Il ne s’agit pas, disant cela, d’opter pour un relativisme théologique et de mettre l’ensemble des textes religieux sur le même plan. Les actes de foi ne sont pas interchangeables, confesser la mort et la résurrection de Jésus n’est pas réciter la chahada. Si, en effet, notre argument est d’abord philosophique et concerne le statut herméneutique de tout texte, il est aussi spécifiquement chrétien et théologique.
Discussion avec un texte
La foi dans le Verbe fait chair (Jn 1,14) et la conséquence qu’en tire Paul, « La lettre tue mais l’esprit vivifie » (2 Co 3,6), ne cesse en effet de nous faire redécouvrir notre condition historique d’herméneute. Que sont la vie chrétienne et l’histoire de l’Église sinon une longue discussion entretenue entre des femmes et des hommes et un texte, discussion incarnée et historique hors de laquelle le texte ne peut aucunement se donner comme Parole vivifiante.

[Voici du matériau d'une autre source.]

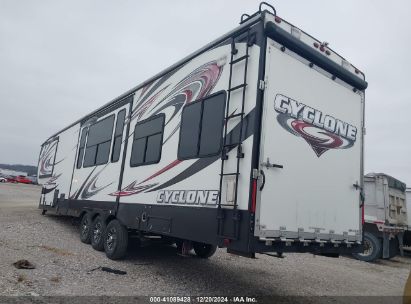 2014 HEARTLAND CYCLONE White  Other 5SFCG433XEE275470 photo #4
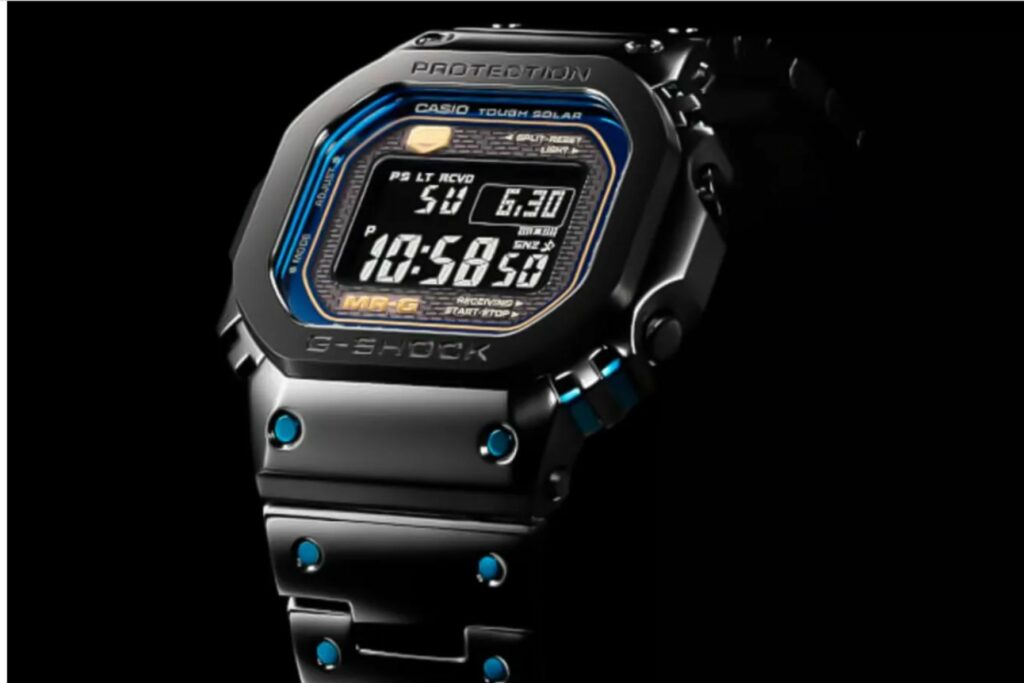 G-Shock Pro Limited Edition klokke på sort bakgrunn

Dire qu’il n’y a pas de vérité anhistorique du christianisme n’est donc aucunement une manière de dévaloriser la révélation chrétienne, c’est au contraire lui donner toute sa puissance.

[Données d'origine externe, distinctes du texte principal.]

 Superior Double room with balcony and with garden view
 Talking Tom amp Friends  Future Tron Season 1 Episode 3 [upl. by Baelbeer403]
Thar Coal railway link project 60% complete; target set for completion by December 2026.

N’ayons donc pas la naïveté de ceux qui, ne s’étant jamais frottés ni aux sciences sociales ni à la révélation biblique, prennent les textes religieux pour ce qu’ils ne sont pas. Il n’y a pas de véritable islam (2) – qu’il soit un danger ou un trésor – ailleurs que dans ce qu’en font historiquement les musulmans eux-mêmes. Plutôt que de décider pour eux que le vrai islam est l’intégrisme, peut-être faudrait-il avoir le courage et la confiance de laisser les musulmans eux-mêmes être l’islam et pour ce faire cesser de surveiller, harceler ou fermer leurs lieux de culte, leurs centres d’études, leurs maisons d’édition ou leurs associations. Nous avons besoin de la théologie musulmane.
(1) Le collectif Anastasis est en cours de création par un groupe de chrétiens dont l’objectif est de nourrir la réflexion et l’action sur la portée politique de l’Évangile.
(2) À l’objection selon laquelle l’islam est précisément une religion inhibant toute tâche herméneutique, on répondra seulement en demandant depuis quel point de vue anhistorique conclut-on que l’islam est cela. Considérer qu’un texte n’est pas à interpréter est déjà un choix d’interprétation qui comme tout autre choix s’inscrit dans une histoire et dans des débats, il ne s’agit en rien d’une essence immuable. La tâche herméneutique de l’homme n’est pas chose dont on puisse se dispenser.